> GOAL OF THE EXERCISE
Images don't belong in the copy. Output the rest of the data exactly.

> INFORMATION PROVIDED
============

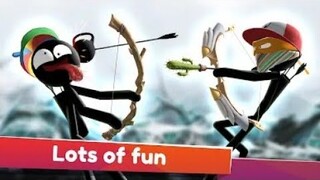 Stickman Archer (Android)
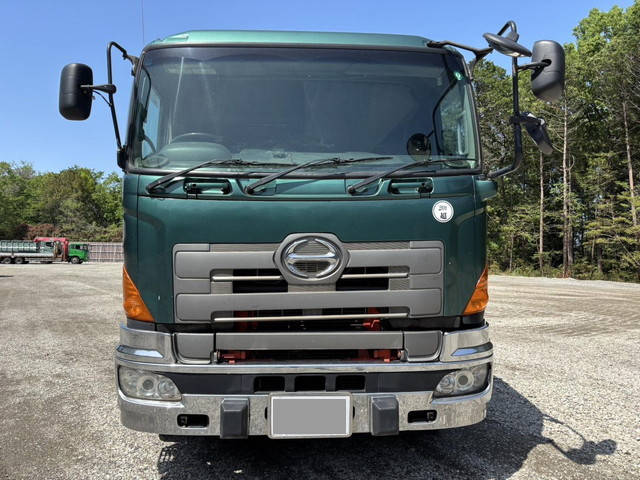 日野プロフィアコンテナ専用車大型（10t）[写真08]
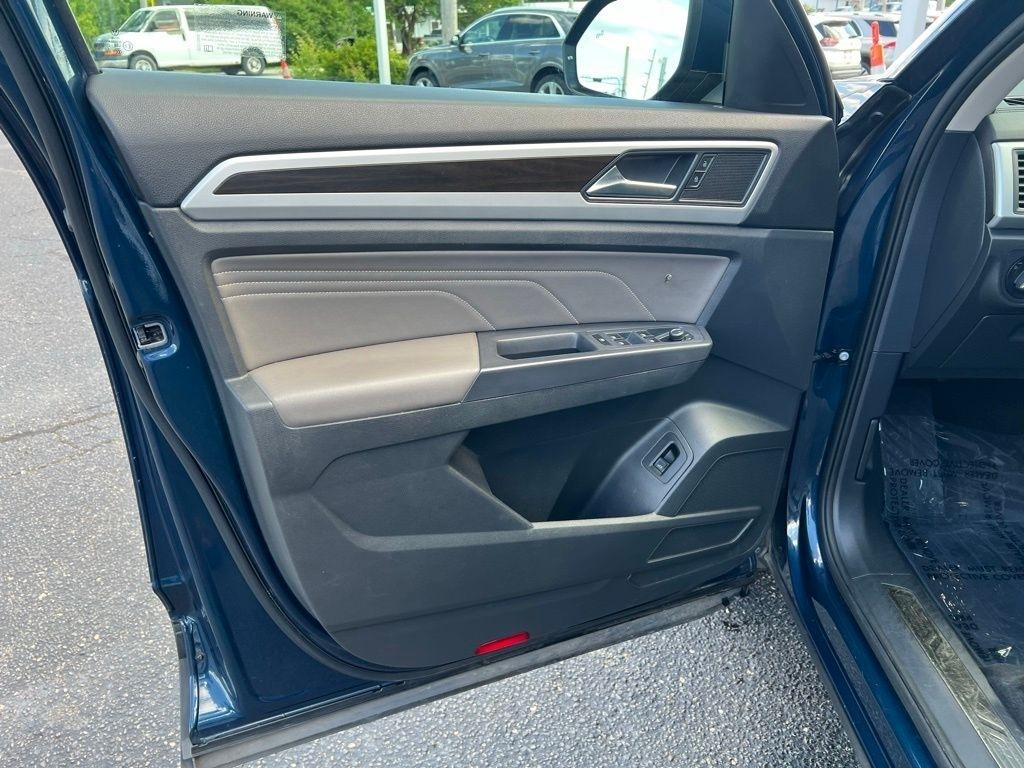 Volkswagen Atlas V6 SE w/Technology 4MOTION 2021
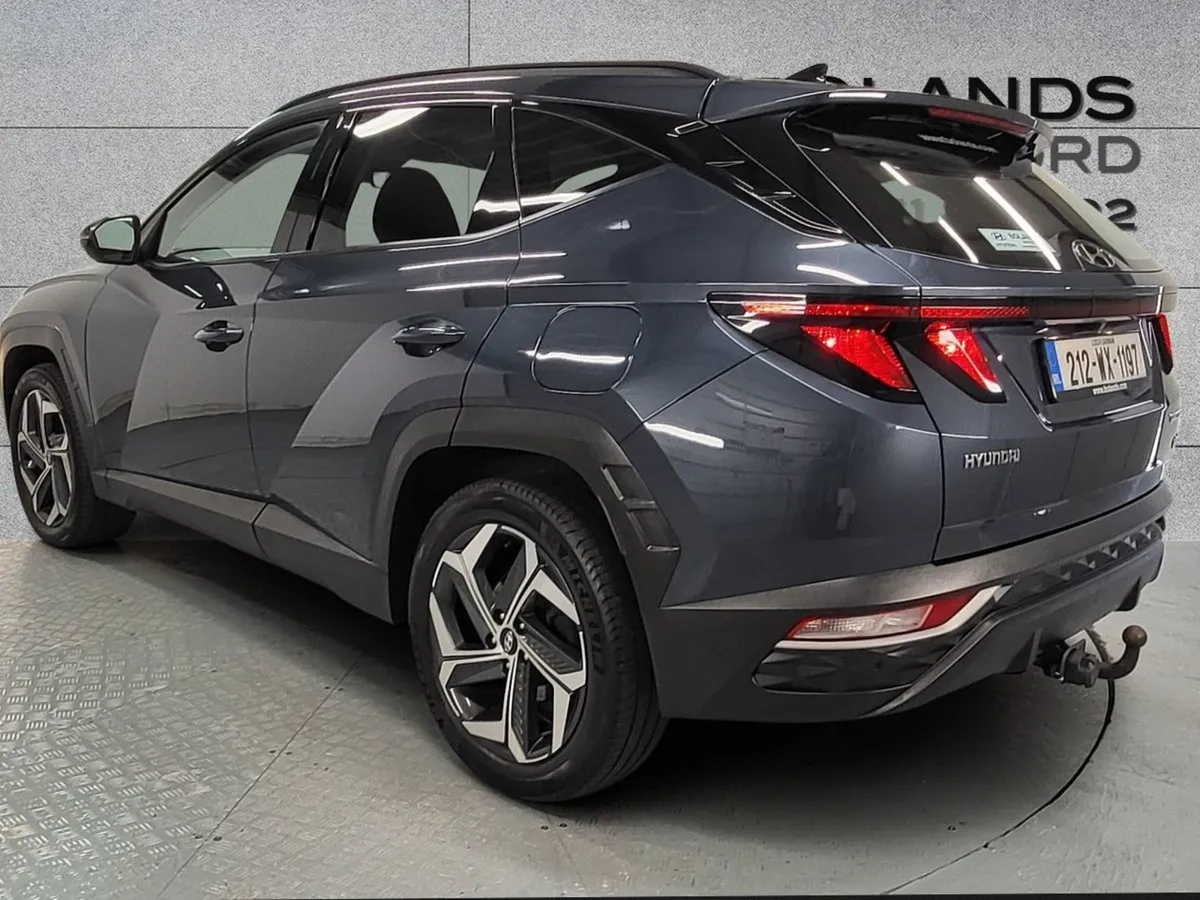 Hyundai Tucson 4WD Executive Phev Auto Finance Fr - Image 3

============

> TASK RESULT
 Stickman Archer (Android)
 日野プロフィアコンテナ専用車大型（10t）[写真08]
 Volkswagen Atlas V6 SE w/Technology 4MOTION 2021
 Hyundai Tucson 4WD Executive Phev Auto Finance Fr - Image 3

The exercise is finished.